In the cession made by the preceeding article are included the adjacent Islands belonging to Louisiana all public lots and Squares, vacant lands and all public buildings, fortifications, barracks and other edifices which are not private property.–The Archives, papers & documents relative to the domain and Sovereignty of Louisiana and its dependances will be left in the possession of the Commissaries of the United States, and copies will be afterwards given in due form to the Magistrates and Municipal officers of such of the said papers and documents as may be necessary to them.

Art: III

The inhabitants of the ceded territory shall be incorporated in the Union of the United States and admitted as soon as possible according to the principles of the federal Constitution to the enjoyment of all these rights, advantages and immunities of citizens of the United States, and in the mean time they shall be maintained and protected in the free enjoyment of their liberty, property and the Religion which they profess.

Art: IV

There Shall be Sent by the Government of France a Commissary to Louisiana to the end that he do every act necessary as well to receive from the Officers of his Catholic Majesty the Said country and its dependances in the name of the French Republic if it has not been already done as to transmit it in the name of the French Republic to the Commissary or agent of the United States.

Art: V

Immediately after the ratification of the present Treaty by the President of the United States and in case that of the first Consul’s shall have been previously obtained, the commissary of the French Republic shall remit all military posts of New Orleans and other parts of the ceded territory to the Commissary or Commissaries named by the President to take possession–the troops whether of France or Spain who may be there shall cease to occupy any military post from the time of taking possession and shall be embarked as soon as possible in the course of three months after the ratification of this treaty.

Art: VI

The United States promise to execute Such treaties and articles as may have been agreed between Spain and the tribes and nations of Indians until by mutual consent of the United States and the said tribes or nations other Suitable articles Shall have been agreed upon.

Art: VII

As it is reciprocally advantageous to the commerce of France and the United States to encourage the communication of both nations for a limited time in the country ceded by the present treaty until general arrangements relative to commerce of both nations may be agreed on; it has been agreed between the contracting parties that the French Ships coming directly from France or any of her colonies loaded only with the produce and manufactures of France or her Said Colonies; and the Ships of Spain coming directly from Spain or any of her colonies loaded only with the produce or manufactures of Spain or her Colonies shall be admitted during the Space of twelve years in the Port of New-Orleans and in all other legal ports-of-entry within the ceded territory in the Same manner as the Ships of the United States coming directly from France or Spain or any of their Colonies without being Subject to any other or greater duty on merchandize or other or greater tonnage than that paid by the citizens of the United States.

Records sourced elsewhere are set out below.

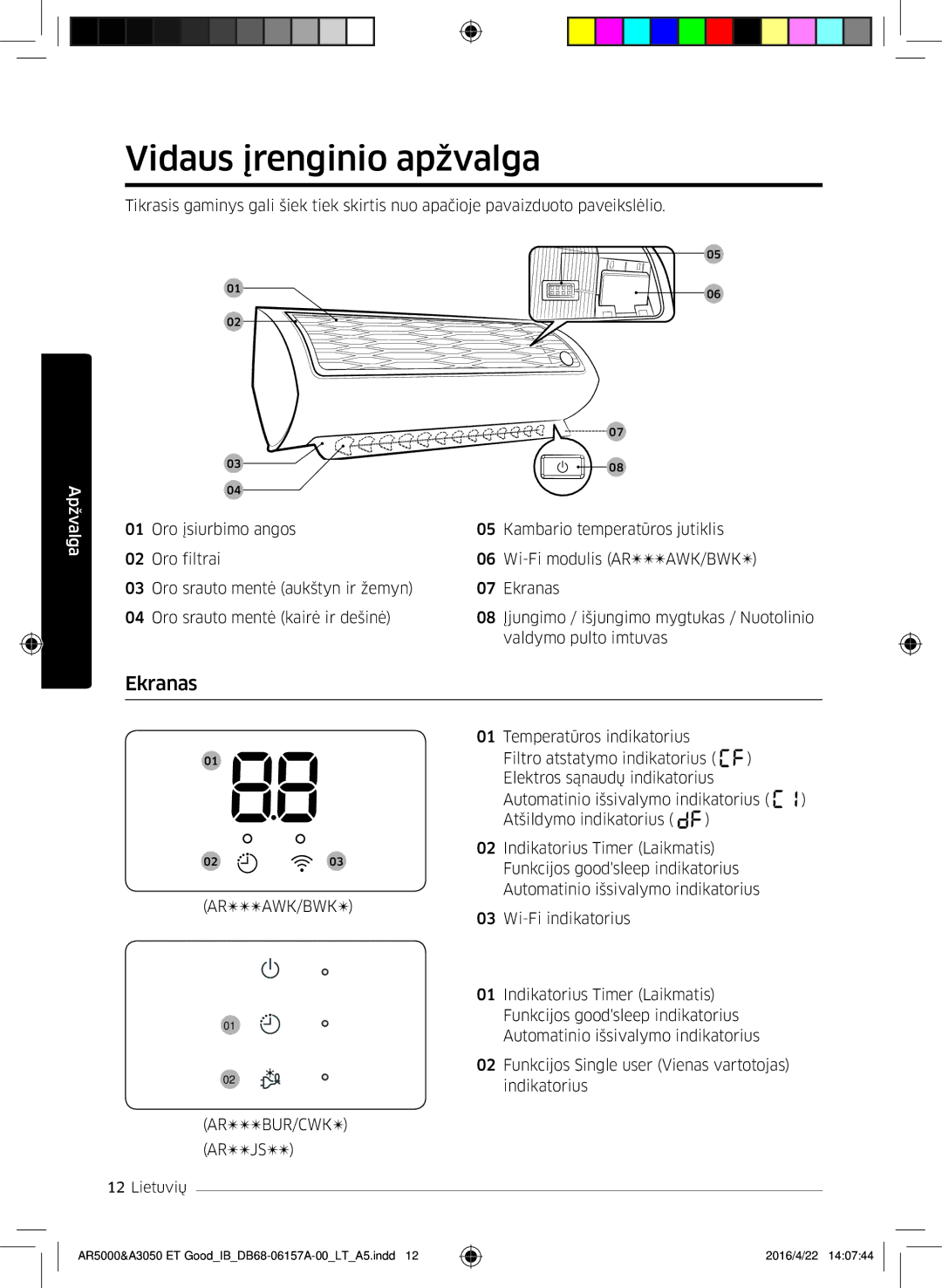 Samsung AR12HSFNBWKNET, AR09HSFNBWKNET, AR09HSFSBWKNET, AR07HSFNBWKNEU, AR12HSFSAWKNET Vidaus įrenginio apžvalga, Ekranas 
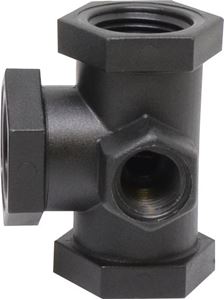 Picture of Valley Industries Manifold (Tee) 1/2 FPT x 1/2 FPT x 1/2 FPT 1/4" Gauge Port Poly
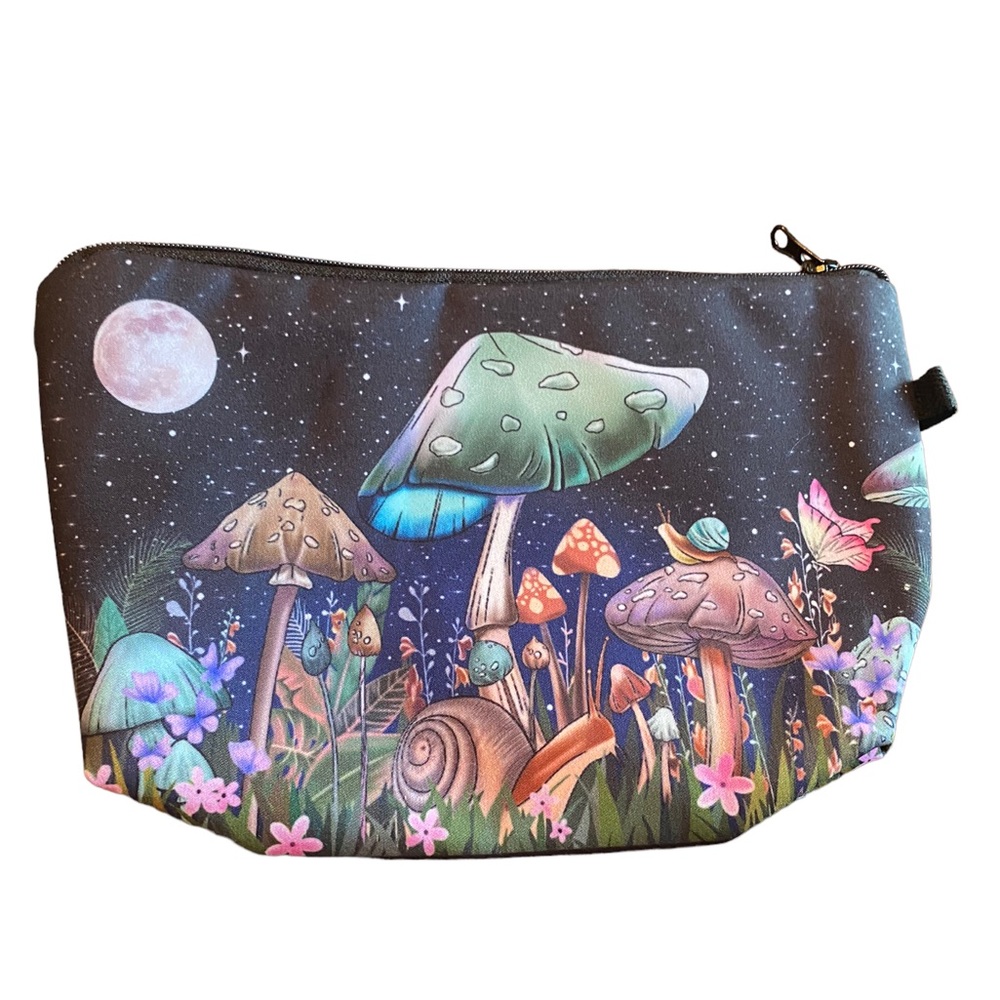 Night Sky Mushroom Patch Cosmetic Bag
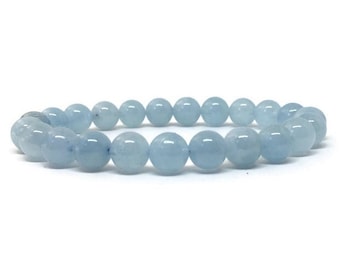Aquamarine Bracelet, Mala Bracelet, Beaded Bracelet, Gemstone Bracelet, Crystal Natural Aquamarine, Unisex Bracelet, Semi-precious jewel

During that Space of time above mentioned no other nation Shall have a right to the Same privileges in the Ports of the ceded territory–the twelve years Shall commence three months after the exchange of ratifications if it Shall take place in France or three months after it Shall have been notified at Paris to the French Government if it Shall take place in the United States; It is however well understood that the object of the above article is to favour the manufactures, Commerce, freight and navigation of France and of Spain So far as relates to the importations that the French and Spanish Shall make into the Said Ports of the United States without in any Sort affecting the regulations that the United States may make concerning the exportation of the produce and merchandize of the United States, or any right they may have to make Such regulations.

Art: VIII

In future and for ever after the expiration of the twelve years, the Ships of France shall be treated upon the footing of the most favoured nations in the ports above mentioned.

Art: IX

The particular Convention Signed this day by the respective Ministers, having for its object to provide for the payment of debts due to the Citizens of the United States by the French Republic prior to the 30th Sept. 1800 (8th Vendémiaire an 9) is approved and to have its execution in the Same manner as if it had been inserted in this present treaty, and it Shall be ratified in the same form and in the Same time So that the one Shall not be ratified distinct from the other.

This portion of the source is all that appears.